Investing.com-- Morgan Stanley (NYSE:MS) analysts hiked their price target on Taiwan Semiconductor Manufacturing Co (TW:2330) (NYSE:TSM) (TSMC), citing improved prospects for the world’s biggest contract chipmaker from artificial intelligence-geared processors based on Arm technology.
TSMC’s price target was raised to T$928.0 from T$860.0, while Morgan Stanley analysts also maintained their overweight rating on the stock. The updated PT represents an upside of 16% from TSMC’s last close of T$800.
Morgan Stanley analysts said that increased demand for processors based on British chipmaker Arm Holdings' (NASDAQ:ARM) technology was expected to be an important growth driver for TSMC, given that the chipmaker makes almost 100% of all Arm-based processors.
Demand for Arm-based processors is expected to pick up amid increasing adoption of AI, while TSMC’s CoWoS chip packaging technology is also expected to factor into advancements in AI chip development.

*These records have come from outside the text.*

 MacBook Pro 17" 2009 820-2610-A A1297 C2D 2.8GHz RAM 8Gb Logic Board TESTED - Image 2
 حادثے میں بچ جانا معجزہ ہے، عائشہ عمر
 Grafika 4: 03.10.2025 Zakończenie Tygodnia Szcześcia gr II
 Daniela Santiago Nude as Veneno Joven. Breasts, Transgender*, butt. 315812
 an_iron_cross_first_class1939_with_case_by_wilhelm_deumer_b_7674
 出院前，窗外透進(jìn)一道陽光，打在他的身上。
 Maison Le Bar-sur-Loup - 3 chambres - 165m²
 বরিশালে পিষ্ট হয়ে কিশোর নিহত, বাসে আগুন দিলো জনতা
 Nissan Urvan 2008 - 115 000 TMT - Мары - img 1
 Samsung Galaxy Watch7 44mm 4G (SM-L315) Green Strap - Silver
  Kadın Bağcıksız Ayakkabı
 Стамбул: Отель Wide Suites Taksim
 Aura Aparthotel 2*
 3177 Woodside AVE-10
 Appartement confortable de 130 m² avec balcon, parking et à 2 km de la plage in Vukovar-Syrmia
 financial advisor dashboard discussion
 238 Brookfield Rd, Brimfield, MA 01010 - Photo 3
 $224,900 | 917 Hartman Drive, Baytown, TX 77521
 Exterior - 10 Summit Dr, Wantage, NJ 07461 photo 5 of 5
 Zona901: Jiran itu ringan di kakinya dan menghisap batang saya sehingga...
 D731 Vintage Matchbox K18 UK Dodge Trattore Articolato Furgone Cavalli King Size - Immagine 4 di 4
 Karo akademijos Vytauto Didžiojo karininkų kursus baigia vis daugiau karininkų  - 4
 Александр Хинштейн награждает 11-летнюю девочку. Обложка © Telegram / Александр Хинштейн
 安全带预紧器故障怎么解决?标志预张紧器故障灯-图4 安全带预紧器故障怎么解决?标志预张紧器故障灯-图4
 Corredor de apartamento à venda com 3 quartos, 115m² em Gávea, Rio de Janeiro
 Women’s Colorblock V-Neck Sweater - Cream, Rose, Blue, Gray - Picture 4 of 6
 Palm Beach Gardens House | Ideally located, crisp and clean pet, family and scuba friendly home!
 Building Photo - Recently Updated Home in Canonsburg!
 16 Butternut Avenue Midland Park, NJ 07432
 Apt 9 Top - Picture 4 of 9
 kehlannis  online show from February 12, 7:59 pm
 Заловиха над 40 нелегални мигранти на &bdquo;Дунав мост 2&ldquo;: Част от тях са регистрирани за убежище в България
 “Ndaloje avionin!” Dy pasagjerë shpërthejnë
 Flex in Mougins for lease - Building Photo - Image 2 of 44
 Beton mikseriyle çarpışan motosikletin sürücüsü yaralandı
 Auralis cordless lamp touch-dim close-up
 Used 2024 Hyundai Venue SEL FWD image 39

Morgan Stanley expects TSMC’s foundry share in global CPU markets will be close to 60% in 2028, up from 37% in 2023, and will also become a bigger revenue driver for the firm.
Increased development of in-house, AI-geared silicon by major tech firms- such as Microsoft Corporation (NASDAQ:MSFT), Alphabet Inc (NASDAQ:GOOGL) and Apple Inc (NASDAQ:AAPL)- also factors into improved prospects for TSMC, given that foundry work for the chips will be outsourced to the Taiwanese firm.
AI darling NVIDIA Corporation (NASDAQ:NVDA)- which is among TSMC's biggest customers- also develops its most advanced AI chips on Arm.
Increased demand for AI chips fueled stronger earnings from TSMC in the first quarter. But the chipmaker had also warned that AI demand may not be sufficient in offsetting a broader decline in chip demand, especially amid weaker global PC and smartphone sales.